Apontamentos Fontes do Direito Internacional Privado

Fontes do Direito Internacional Privado

O que seria fonte do Direito?

No sentido estrito do vocábulo, a fonte seria um marco originário, uma procedência determinada que permita saber a origem de um acontecimento qualquer, de maneira que o vincule a um texto científico.

Alguns autores chegaram a definir as fontes como sendo a origem, a causa, o nascimento do Direito; enquanto outros consideram como sendo formas de expressão, modos de aparecimento ou simples manifestações.

Para Savigny, pode-se considerar como fontes jurídicas as causas do nascimento do direito em geral, seja das instituições jurídicas, seja das regras jurídicas. Porém, não admite a possibilidade de por em evidência esse nascimento, porque o direito geral existe de forma constante na consciência comum do povo.

Conclui-se, pois, que se a fonte é a origem do direito, não é, no entanto, uma origem qualquer. Os autores que estudam as fontes do direito procuram localizar desde os momentos iniciais aquilo que pode ser considerado fato jurídico.

Fontes Materiais e Fontes Formais

Distinguir as fontes materiais do direito não é uma actividade fácil. Encontrar todos aqueles elementos que foram formando a estrutura do Direito, não é simples para o jurista.

Goldschimidt adopta uma expressão que dá a ideia exacta do que seja a fonte do direito material: “É aquela que a identifica como uma inspiração”, havendo mesmo quem afirme que elas podem ser chamadas fontes de inspiração.

Assim, as fontes materiais exprimiriam uma tendência para o jurídico, porém, integrando o ordenamento jurídico somente no instante em que assumissem uma forma determinada através de um ato ou de uma série de atos que constituíssem precisamente as fontes formais.

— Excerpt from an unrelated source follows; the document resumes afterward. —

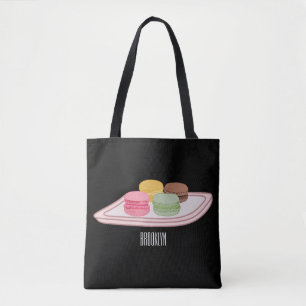 Macaron cartoon illustratie tote bag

Essas são as mais conhecidas, são as que se vinculam a um Direito conhecido palpável. Goidschimidt chama a fonte formal de fonte de vigência.

Numa classificação meramente didáctica, pode-se dizer que duas são as fontes do direito:

Fontes Materiais: que seriam as de inspiração do direito; e Fontes Formais: que seriam as de vigência do Direito.

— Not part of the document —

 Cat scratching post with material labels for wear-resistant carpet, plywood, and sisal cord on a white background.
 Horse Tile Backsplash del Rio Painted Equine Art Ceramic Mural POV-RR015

Dessa maneira conclui-se que cada Sociedade, Nação ou Estado têm o seu Direito Positivo que é, segundo Goldschimidt, a prevalência de uma vontade que tem actuação dentro das estruturas jurídicas de um povo.

Esta prevalência caracteriza-se por determinados fatos que se chamam fontes.

Isto posto, tem-se que as fontes do Direito são aqueles fatos que se manifestam por meio da vontade prevalecente de um determinado povo, e se constituem em preceitos válidos, obrigatórios e vigentes para aquele mesmo povo.

Classificação das Fontes

A complexidade dos problemas existentes no Direito Internacional Privado reflecte uma variedade de fontes que
estabelecem regras, as quais têm como objectivos solucionar tais problemas.

Enquanto o Direito Internacional Público baseia-se em regras produzidas por fontes supranacionais, no Direito Internacional Privado preponderam as regras das fontes internas, quais sejam, pela ordem de importância:

1. Lei
2. Tratados
3. Jurisprudência
4. Doutrina
5. Costumes

No estado actual da Ciência Jurídica, o Direito Internacional Privado é Direito Privado, é Direito Nacional de cada pais. Suas normas, seus princípios estão formulados na legislação positiva de cada Estado.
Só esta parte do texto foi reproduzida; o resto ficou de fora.